If we factor the denominator, we can see how \(R\) might be the sum of two fractions of the form \(\frac{A}{x-2} + \frac{B}{x+1}\text{,}\) so we suppose that

\begin{equation*}
\frac{5x}{(x-2)(x+1)} = \frac{A}{x-2} + \frac{B}{x+1}
\end{equation*}

and look for the constants \(A\) and \(B\text{.}\)
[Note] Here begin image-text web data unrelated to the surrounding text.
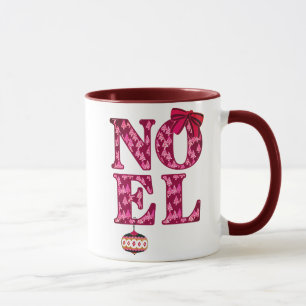 Taza NOEL en un patrón de árbol de Navidad de color bur
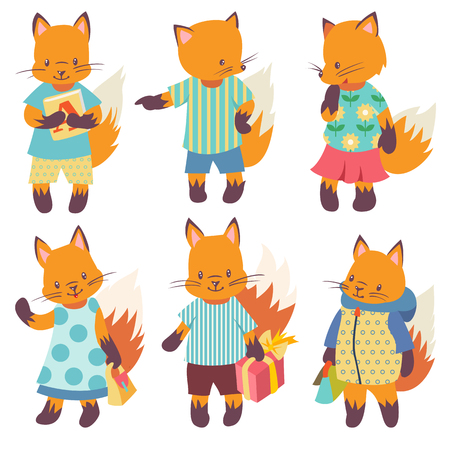 Vector set of red foxes in clothes.  Bright hand-drawn illustration.のイラスト素材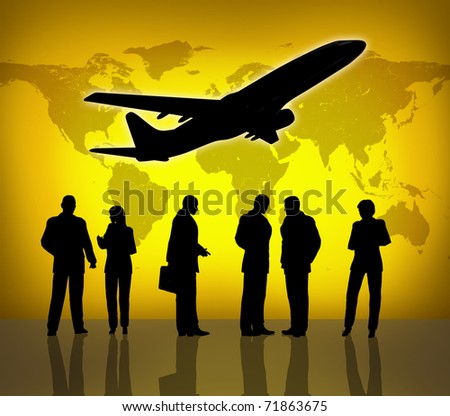 Business travel symbol represented by an airplane taking off and people waiting for a flight with a global map background.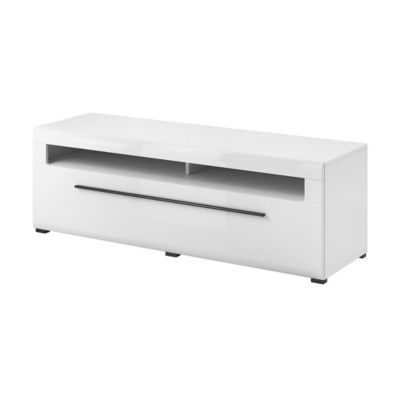 Meuble TV 140cm collection BREDA. Coloris blanc mat et blanc brillant. Style design.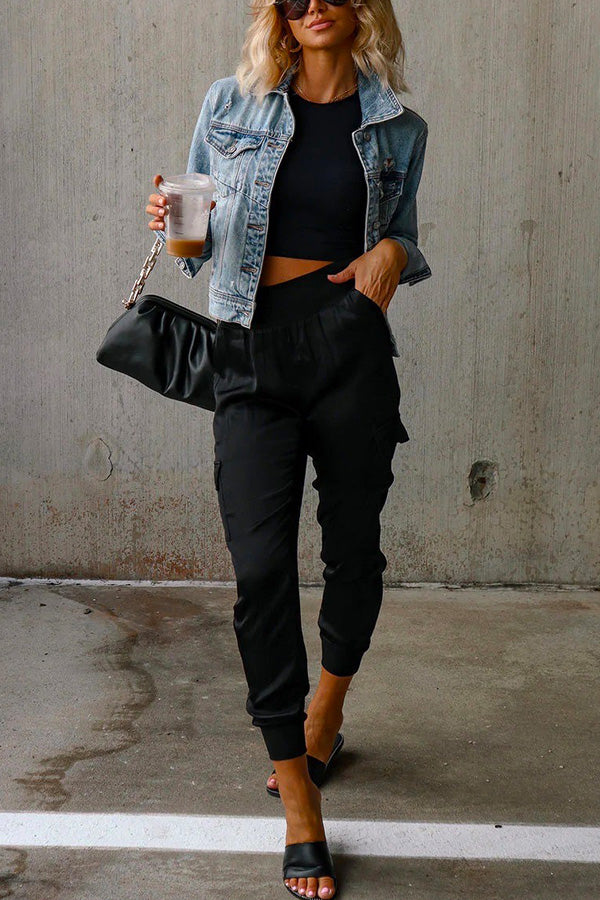 High Waist Skinny Satin Pants With Pockets(3 Colors Available)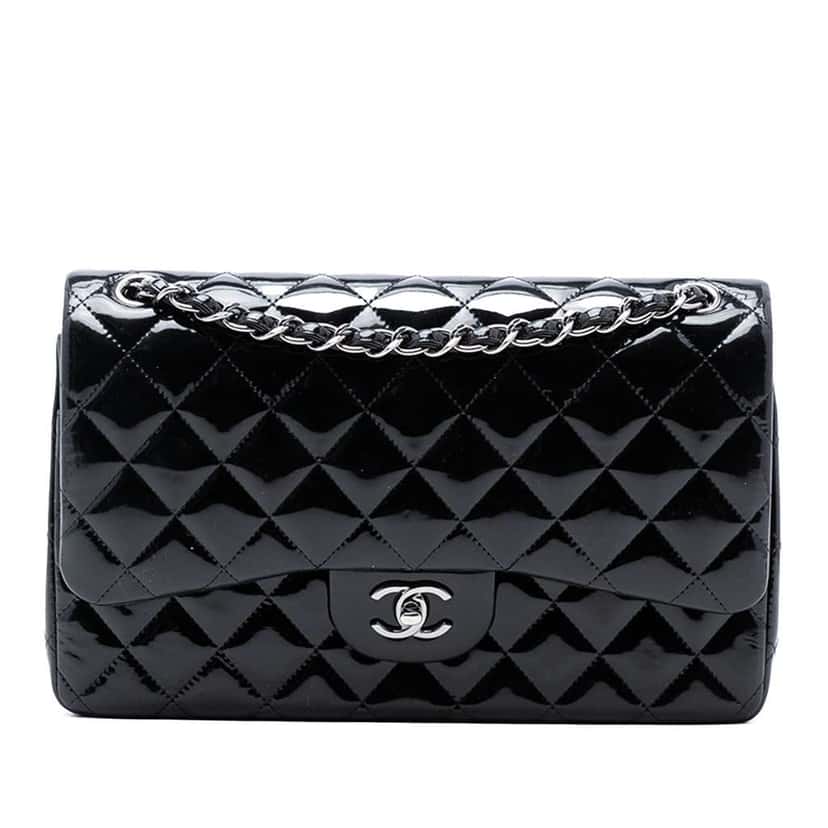 Chanel Jumbo Classic Patent Double Flap Black Leather Good condition - Front View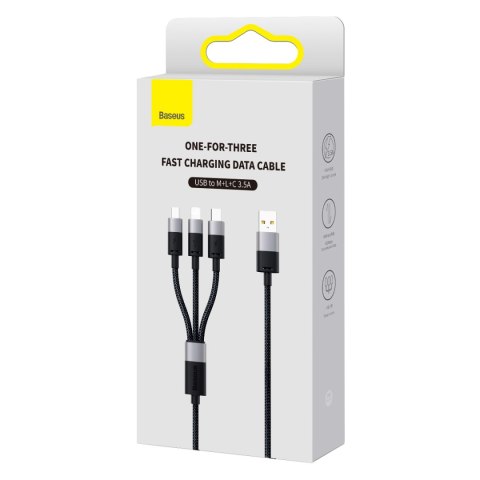 Baseus kabel 3w1 StarSpeed USB - micro USB + Lightning + USB-C 1,2m 3,5A czarny Baseus kabel 3w1 StarSpeed USB - micro USB + Lightning + USB-C 1,2m 3,5A czarny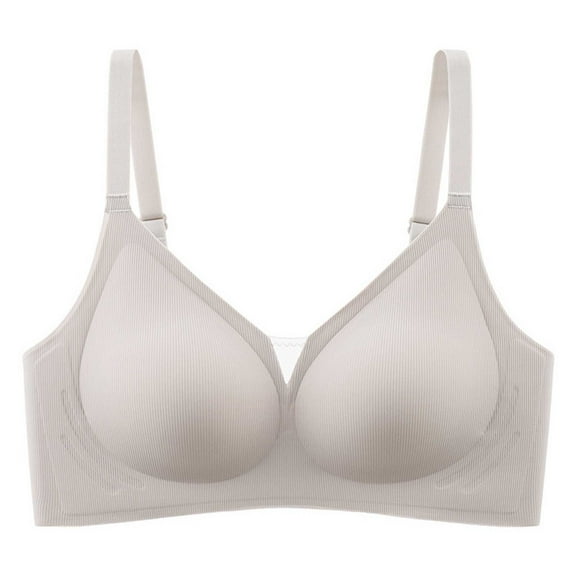 Ashirexll Bras for Women Solid Color Seamless Ultra-Thin Breathable Comfortable Soft Jelly Nude Feeling Sagging Bra Wireless Bras Gray M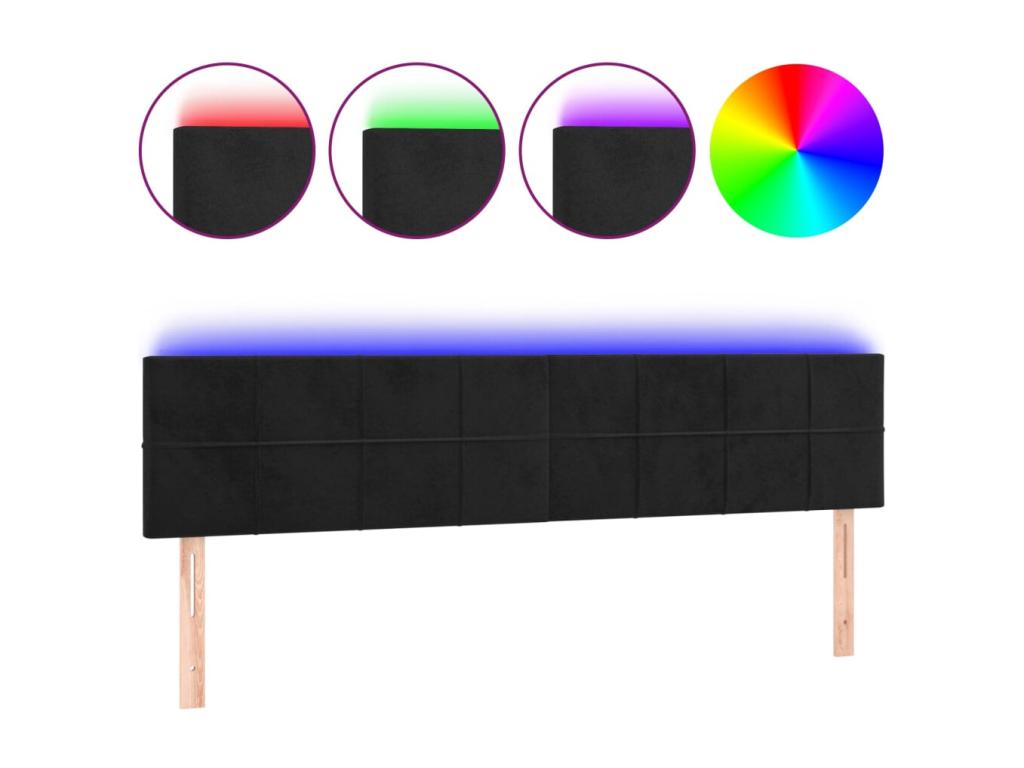 LED Headboard Black 180x5x78/88 cm Mobenze XBDG45334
Multiplying both sides of this equation by \((x-2)(x+1)\text{,}\) we find that

\begin{equation*}
5x = A(x+1) + B(x-2)\text{.}
\end{equation*}

Since we want this equation to hold for every value of \(x\text{,}\) we can use insightful choices of specific \(x\)-values to help us find \(A\) and \(B\text{.}\) Taking \(x = -1\text{,}\) we have

\begin{equation*}
5(-1) = A(0) + B(-3)\text{,}
\end{equation*}

so \(B = \frac{5}{3}\text{.}\) Choosing \(x = 2\text{,}\) it follows

\begin{equation*}
5(2) = A(3) + B(0)\text{,}
\end{equation*}

so \(A = \frac{10}{3}\text{.}\) Thus,

\begin{equation*}
\int \frac{5x}{x^2-x-2} \, dx = \int \frac{10/3}{x-2} + \frac{5/3}{x+1} \, dx\text{.}
\end{equation*}

This integral is straightforward to evaluate, and hence we find that

\begin{equation*}
\int \frac{5x}{x^2-x-2} \, dx = \frac{10}{3} \ln|x-2| + \frac{5}{3}\ln|x+1| + C\text{.}
\end{equation*}

It turns out that we can use the method of partial fractions, together with

\(u\)-substitution and other algebraic techniques,

^{ 1 } to rewrite any rational function

\(R(x) = \frac{P(x)}{Q(x)}\) where the degree of the polynomial

\(P\) is less than

^{ 2 } the degree of

\(Q\) as a sum of simpler rational functions of one of the following forms:

\begin{equation*}
\frac{A}{x-c},\ \frac{A}{(x-c)^n},\ \frac{Ax+B}{x^2 + k},\ \text{or }\frac{Ax+B}{\left(x^2 + k\right)^n}
\end{equation*}

where \(A\text{,}\) \(B\text{,}\) and \(c\) are real numbers, and \(k\) is a positive real number. Because we can antidifferentiate each of these basic forms, partial fractions enables us to antidifferentiate any rational function.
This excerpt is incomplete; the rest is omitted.